Records drawn from a dataset
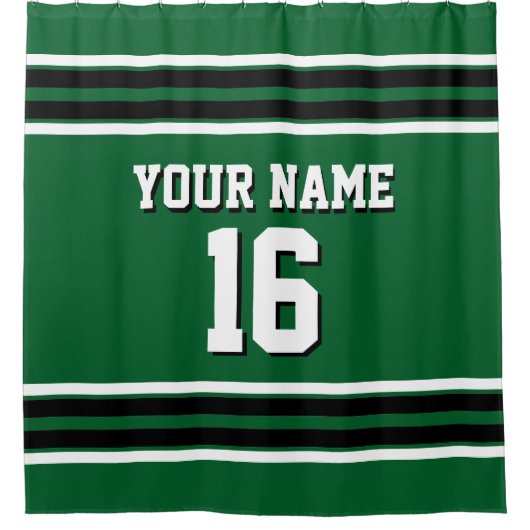 Forest Green Black White Stripes Sports Jersey Douchegordijn (Voorkant)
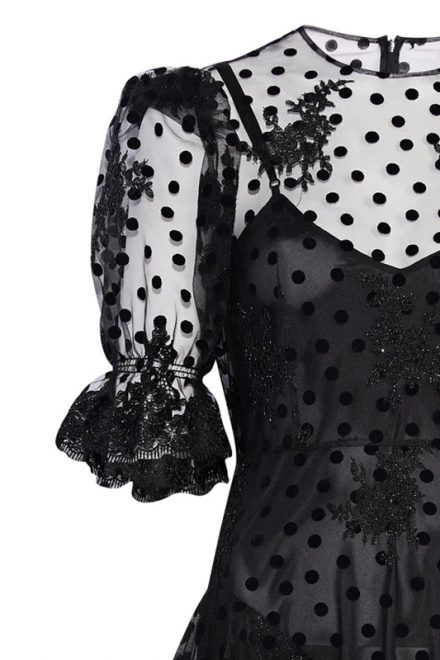 Чорна напівпрозора сукня з флок-напиленням polka dot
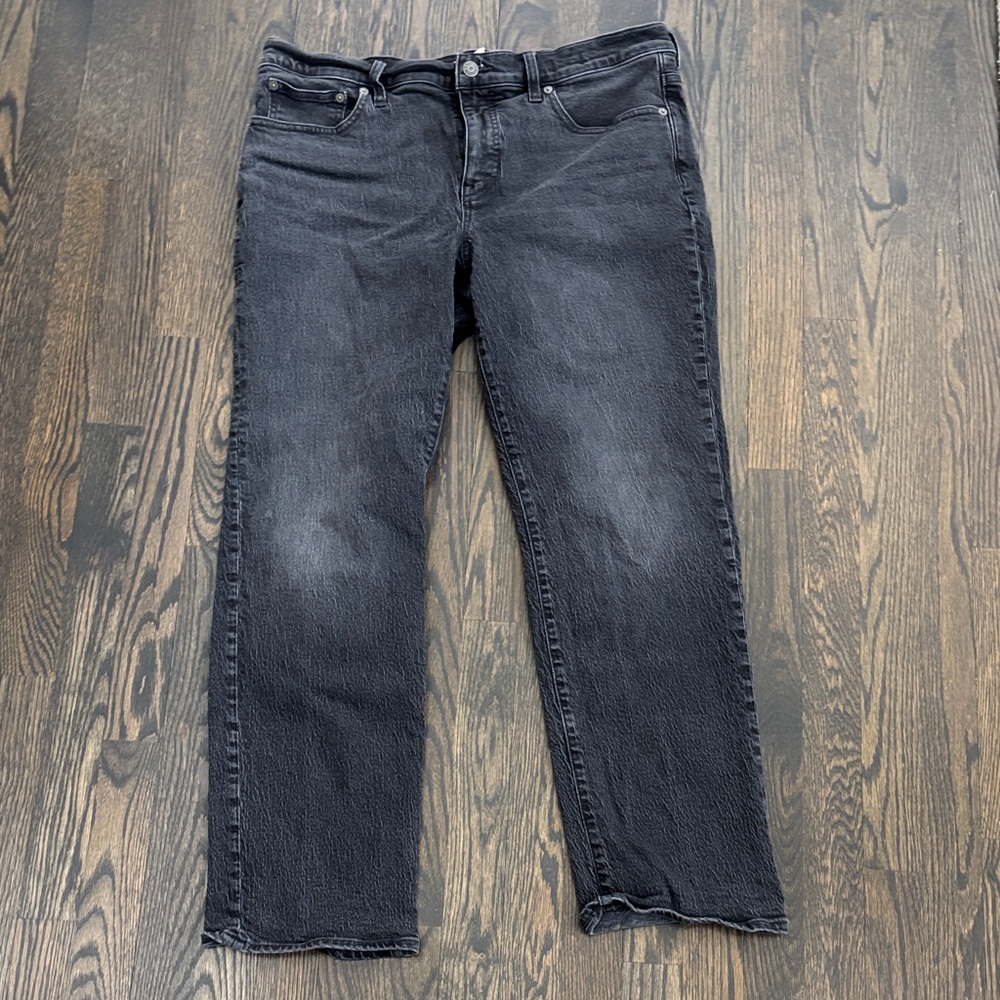 Madewell Black Washed Straight Jeans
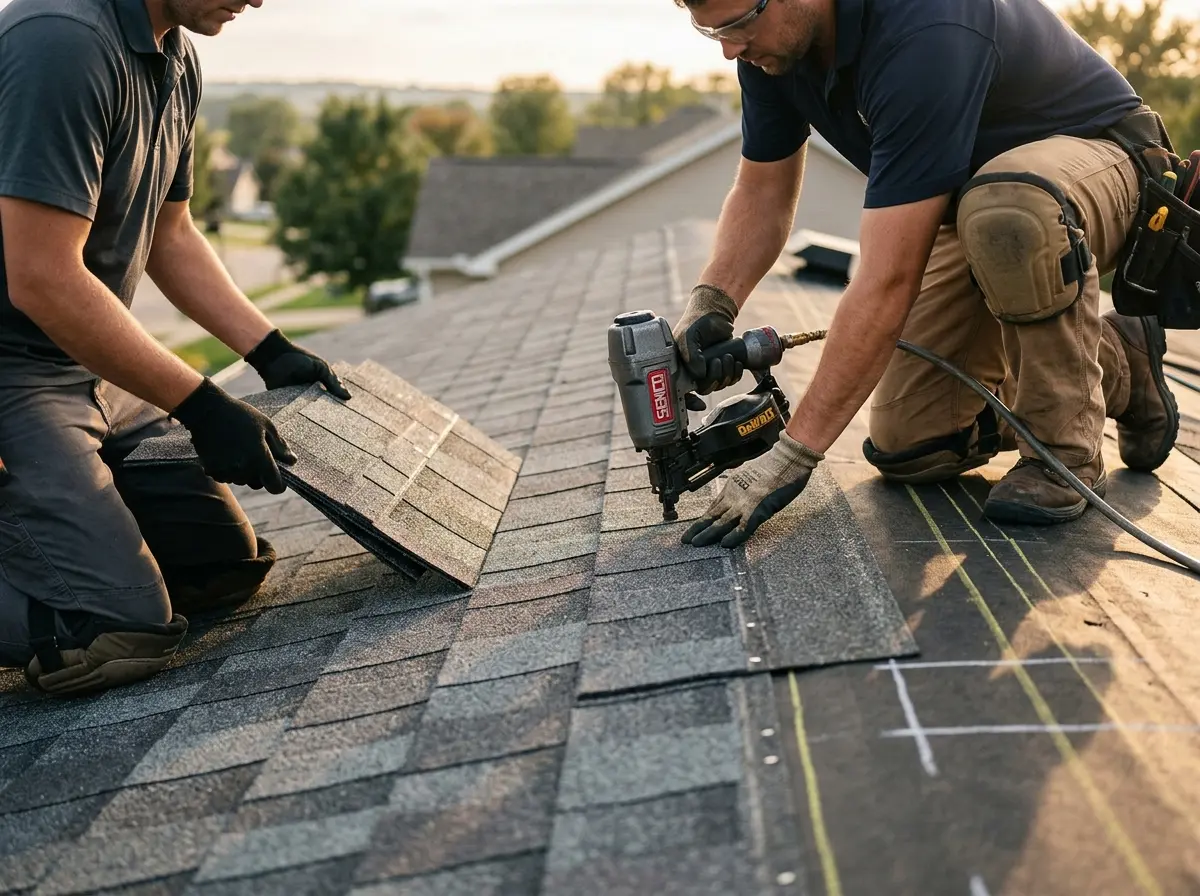 Professional roofer working on a residential roof in Calabasas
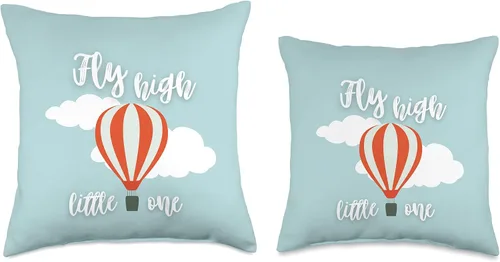 Miniatura 3 de Fearless Fly High Little One Cute Decor Baby & Kids - Almohada de globo de aire caliente, 16.0 x 16.0 in, multicolor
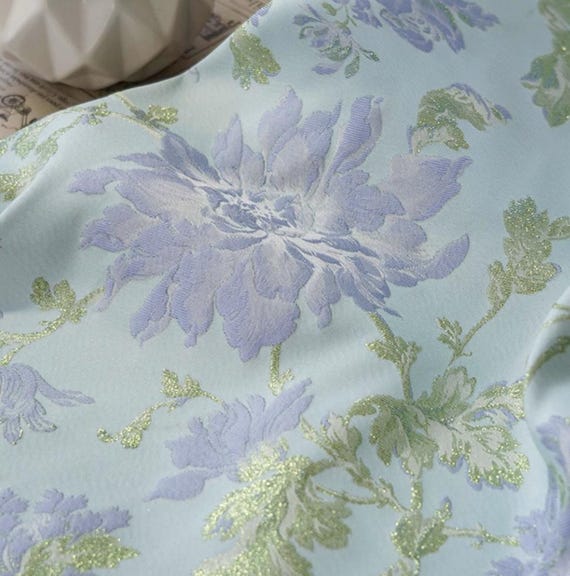 Jacquard brocade fabric by the yard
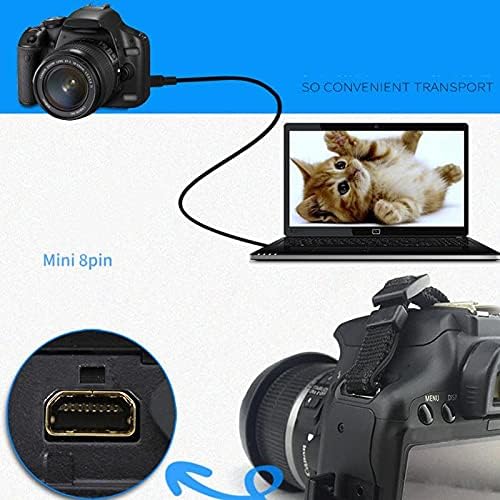 Замена UC-E6 камера Mini 8PIN USB кабел за податоци со видео AV RCA двојна мулти-функција компатибилен со дигитална камера SLR DSLR D3200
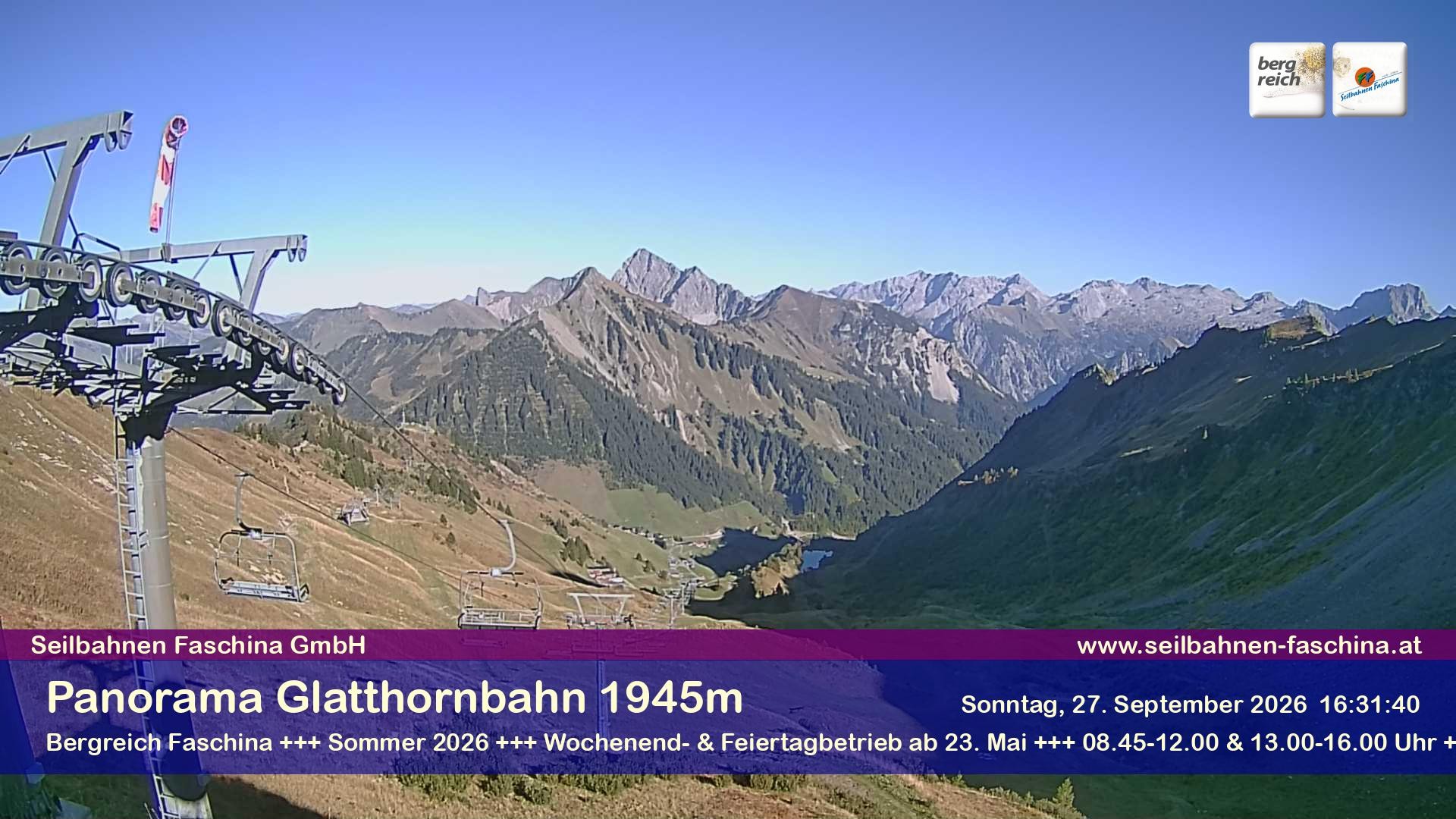 Archiv Foto Webcam Panoramablick von der Glatthornbahn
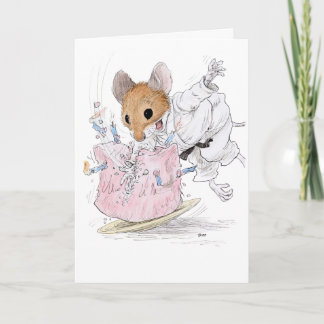 Carte d'anniversaire Karate Mouse
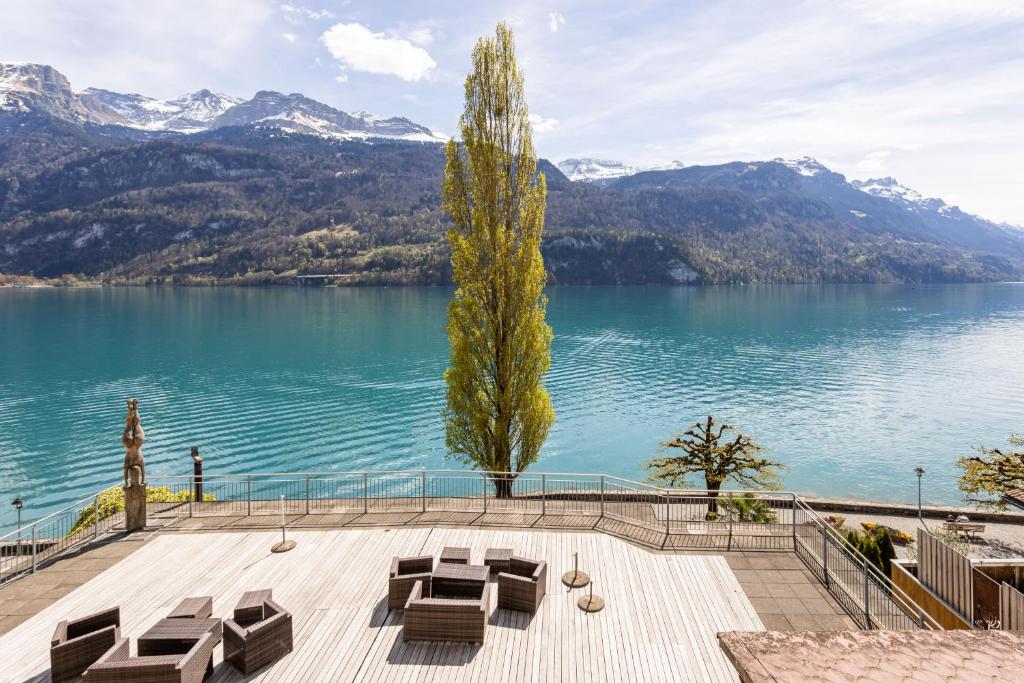 a view of a lake with mountains in the background at Seehotel Sternen in Brienz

◆ What is expected ◆
With the pictures excluded, transcribe word for word only the lines from the one containing "Замена UC-E6 камера" through the last line of the records.

◆ Solution below ◆
 Замена UC-E6 камера Mini 8PIN USB кабел за податоци со видео AV RCA двојна мулти-функција компатибилен со дигитална камера SLR DSLR D3200
 Archiv Foto Webcam Panoramablick von der Glatthornbahn
 Carte d'anniversaire Karate Mouse
 a view of a lake with mountains in the background at Seehotel Sternen in Brienz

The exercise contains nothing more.